FIVE-TIME Hawthorn premiership great Gary Ayres is returning to the club in a new role ahead of the Hawks' 100th year in the VFL/AFL. 

The 64-year-old will join the administration at Waverley Park and work with former premiership teammate Rodney Eade.

Ayres will help the club continue to raise funds for the Kennedy Community Centre, the club's new training and administration base in Dingley. 

After spending 16 seasons at Hawthorn from the late 1970s through to the early 1990s, Ayres will return to the club in an official capacity for the first time in over 30 years. 

Since retiring at the end of 1993 after 269 games in the brown and gold, Ayres has spent most of his life coaching at various levels across the country. 

Ayres moved to Geelong after hanging up his boots and coached Geelong for five seasons, before moving to South Australia to coach Adelaide between 2000 and 2004. 

Andrew Gowers (right) with 1991 Hawthorn premiership teammate Gary Ayres.
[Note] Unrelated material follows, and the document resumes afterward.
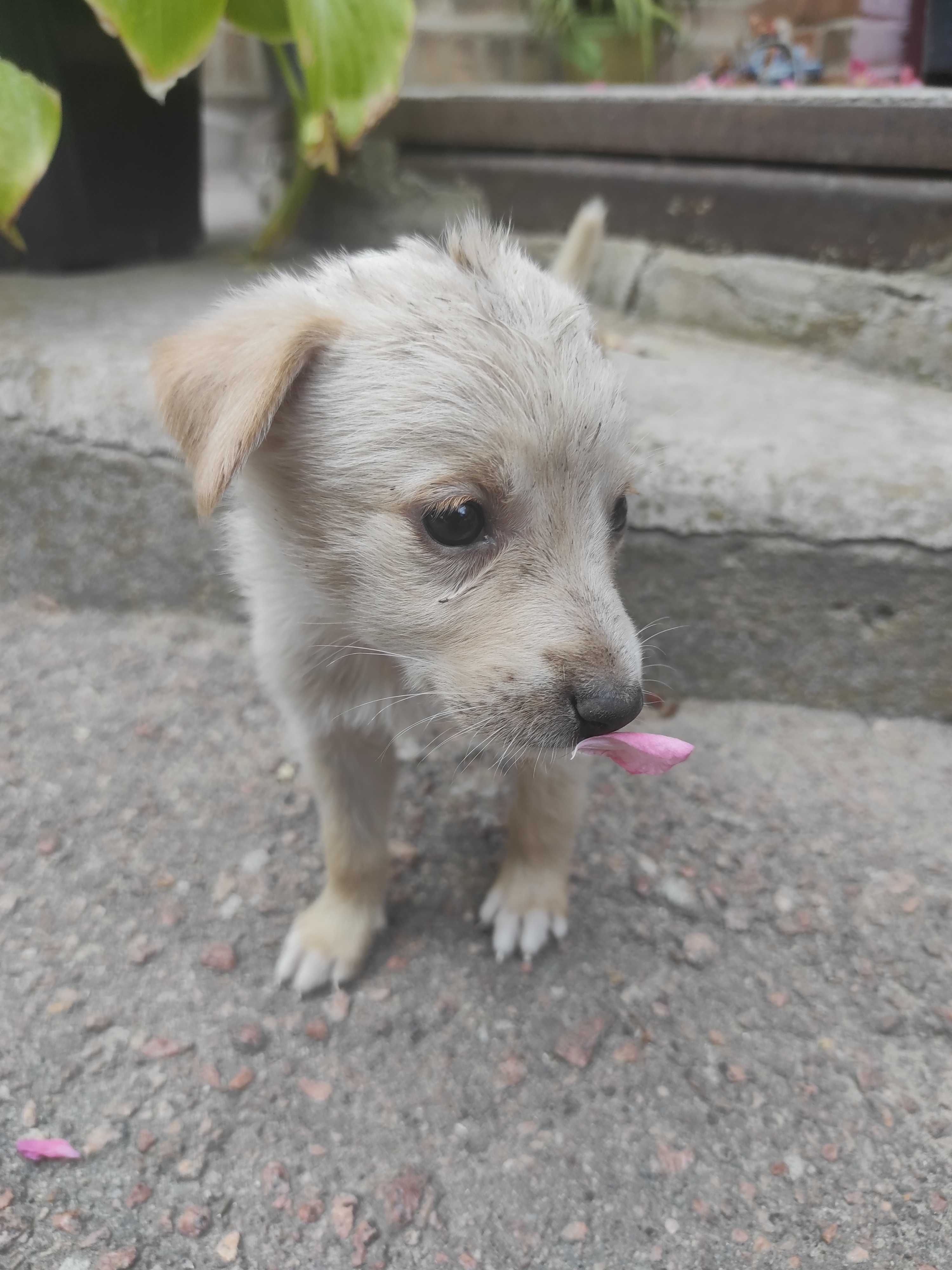 Безкоштовно цуценята, 1.5 місяця.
Picture: AFL Photos

After two years as an assistant coach at Essendon, Ayres led Port Melbourne to two premierships in the VFL across 14 seasons at the Borough.

Hawthorn's premiership teams in the 1980s and 1990s were stacked full of iconic figures – Jason Dunstall, Dermott Brereton, Michael Tuck, Robert DiPierdomenico and John Platten – but Ayres has one of the best resumes from that era. 

Not only did he feature in five premierships – plus five night premierships – he became the first player to win two Norm Smith Medals and remains one of only four to be multiple recipients, which is why the AFL Coaches Association named the player of the finals in his honour in 2016.